Selection and self-selection biases should be considered, as voluntary participation likely attracted patients interested in the study topic. Furthermore, social-desirability bias might have led to under-reporting stigmatizing behaviours. Information bias, particularly regarding drug consumption, possibly occurred, because patients might not consider prescription drugs to be addictive. As only patients in dermatological care were included, the generalizability of the results is limited to this setting.
This study hints at elevated addiction rates in PSO patients compared with AD individuals. Regarding smoking and food addiction, PSO patients reported higher prevalences, while AD patients were more frequently internet addicted. Low happiness might indicate risk behaviour in patients with chronic skin disorders, and disease severity might predict pathological alcohol intake in PSO patients.

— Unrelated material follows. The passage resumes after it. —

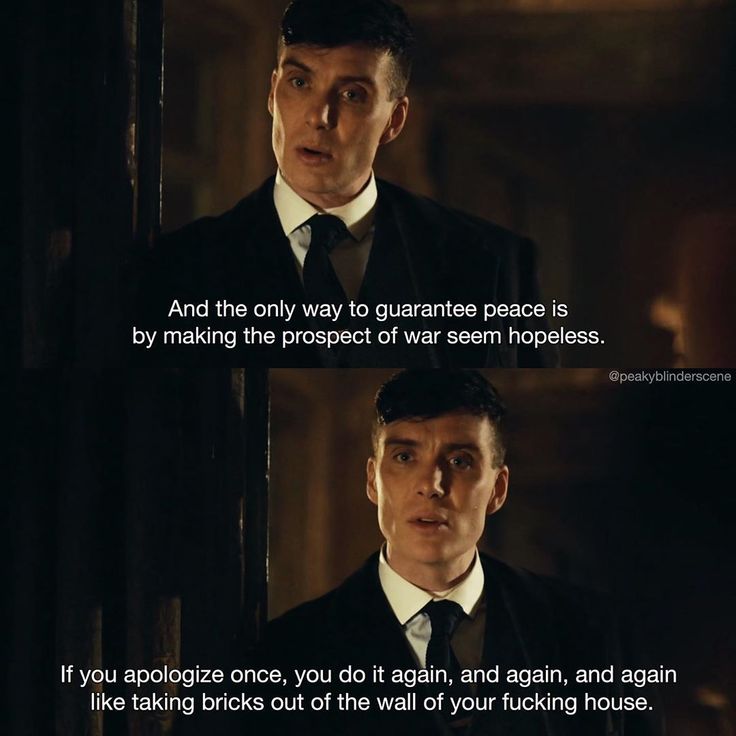 Detail Cillian Murphy Quotes Nomer 24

Screening should prioritize young individuals for drug addiction and, even though not significant, male gender and unemployment render risk factors warranting focus. The study findings outline the necessity for standardized screening guidelines in the clinical routine, particularly for at-risk groups, and advocate for a collaborative approach between dermatologists and psychologists to enhance medical care for patients with chronic skin diseases. Further research should explore cause-and-effect relationships among chronic skin diseases and addiction, the potential influence of comorbidities as mediators, and the impact of addiction on patients’ compliance and disease insight. Other research directions on the topic might involve analyzing sociocultural (i.e. cultural background, lifestyles, education level), as well as geographical factors that might play a role in the development of the diferent addictions.
IRB approval status: The study was reviewed and approved by the ethics committee of the School of Medicine of the Technical University of Munich (reference 2023-308-S-KH) and in accordance with the Declaration of Helsinki. All participants provided informed consent prior to data collection taking place.